Kasus rawan pangan di desa-desa di sepanjang perbatasan RI-Timor Leste, selama puluhan tahun menjadi ancaman serius bagi Negara Kesatuan Republik Indonesia. Namun sejak tahun 2005, perlahan tapi pasti, kasus itu teratasi berkat pendampingan LSM lokal. Sejumlah desa sepanjang perbatasan sukses membangun kemandirian pangan berkelanjutan.

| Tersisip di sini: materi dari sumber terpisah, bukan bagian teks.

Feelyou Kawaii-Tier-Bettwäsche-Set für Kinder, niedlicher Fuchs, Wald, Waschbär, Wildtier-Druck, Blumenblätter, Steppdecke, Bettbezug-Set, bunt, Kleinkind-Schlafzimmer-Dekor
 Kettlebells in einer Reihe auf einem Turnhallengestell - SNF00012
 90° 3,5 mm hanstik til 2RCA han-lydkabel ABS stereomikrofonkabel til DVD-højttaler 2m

Sebanyak 90 desa, terdiri dari 48 desa di Timor Tengah Utara (TTU) dan 42 desa di Kabupaten Belu, Nusa Tenggara Timur, berada di tapal batas RI-Timor Leste. Desa-desa ini masuk kategori ”merah”, rawan pangan, dengan berbagai dampak; gizi buruk, busung lapar, gangguan berbagai penyakit, SDM rendah, dan tingginya angka putus sekolah.
Yayasan Mitra Tani Mandiri (MTM), berkantor pusat di TTU, mendapat dukungan dana dari AUSaid, sejak tahun 2003 melakukan pendampingan terhadap desa-desa di perbatasan itu, termasuk juga desa lain yang masuk kategori rawan pangan dan tertinggal. Wilayah kerja MTM mencakupi lima kabupaten, yakni TTU, Belu, Timor Tengah Selatan, Nagekeo, dan Kabupaten Ngada.

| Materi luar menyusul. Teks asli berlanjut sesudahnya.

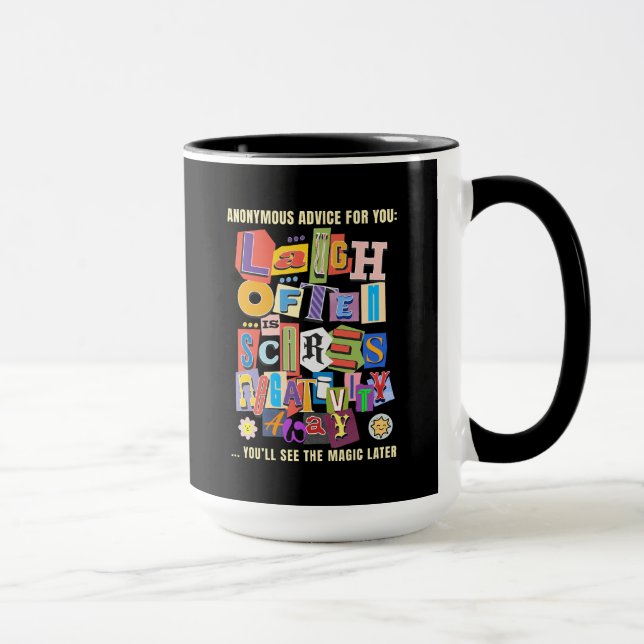 Laugh Often – Positive Typography Quote Design Mug (Right)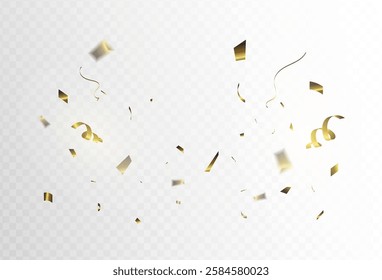 Confetti explosion on transparent background. Pieces of shiny gold paper flying and spreading. black color.  vector illustration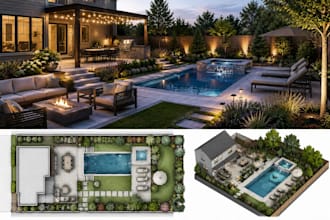 design 3d landscape, backyard garden, patio, and pool with realistic rendering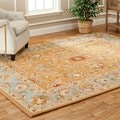 Handmade Heritage Shahi Brown/ Blue Wool Rug (9' x 12')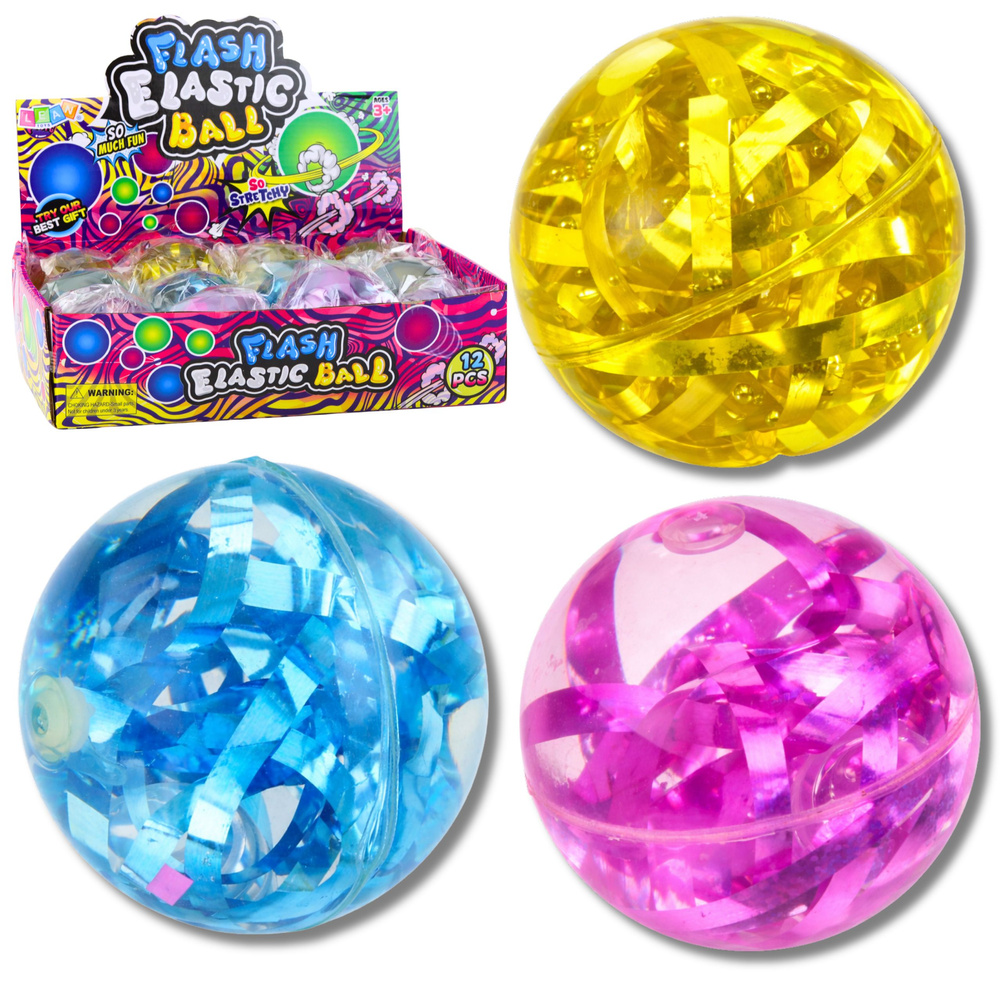 Balónek LEAN Toys duhový s konfetami a světelnými efekty 7 cm — Celkový pohled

Pengamatan di Desa Manusasi, Kecamatan Miomafo Barat, Kabupaten TTU, perbatasan RI-Timor Leste, Jumat (23/3), misalnya, 15 kelompok tani yang beranggotakan sekitar 450 orang berkumpul di balai desa. Mereka merencanakan pemetaan desa dengan potensi desa, (nama) lorong desa, papan nama desa, gerbang selamat datang/tinggal. Manusasi, 40 kilometer dari Kefamenanu atau 240 kilometer dari Kupang.
”Di sini ada 249 keluarga, namun yang terlibat dalam kelompok tani 203 kk. Hanya suami dan istri atau tenaga produktif bergabung dalam anggota kelompok tani, anak dan lansia tidak. Mereka terbagi dalam 15 kelompok dengan anggota sampai 30 orang per kelompok,” kata Kepala Desa Manusasi, Philipus Sau. Ke-15 kelompok tani ini tergabung dalam forum Lopo (Lumbung) Tani Mandiri.
Jagung
MTM masuk Manusasi pada tahun 2003. Yayasan itu menawarkan program kemandirian pangan dengan melakukan evaluasi dan pemetaan potensi desa untuk ketersediaan pangan berkelanjutan dengan memanfaatkan satu areal lahan menetap. Sebelumnya, petani selalu berpindah-pindah lahan, membakar hutan yang berakibat pada perusakan hutan, erosi, dan longsor.
”Jelang musim tanam,
Pilihan utama adalah jagung, menyusul singkong, umbi-umbian, pisang, dan sayur. Diternakkan pula sapi, kambing, ayam, dan babi. Meningkatkan keterampilan tenun ikat dan diberi keterampilan membuat jamu tradisional dan kerupuk (gorengan) dengan memanfaatkan bahan baku lokal. Sebelumnya, satu tandan pisang hanya dijual dengan harga Rp 15.000, setelah menjadi kerupuk (gorengan) menghasilkan uang Rp 100.000. Ny Beatrix Ambone, misalnya, menuturkan, keranjingan membuat kerupuk pisang dan singkong dan dijual di desa itu sampai Kefamenanu.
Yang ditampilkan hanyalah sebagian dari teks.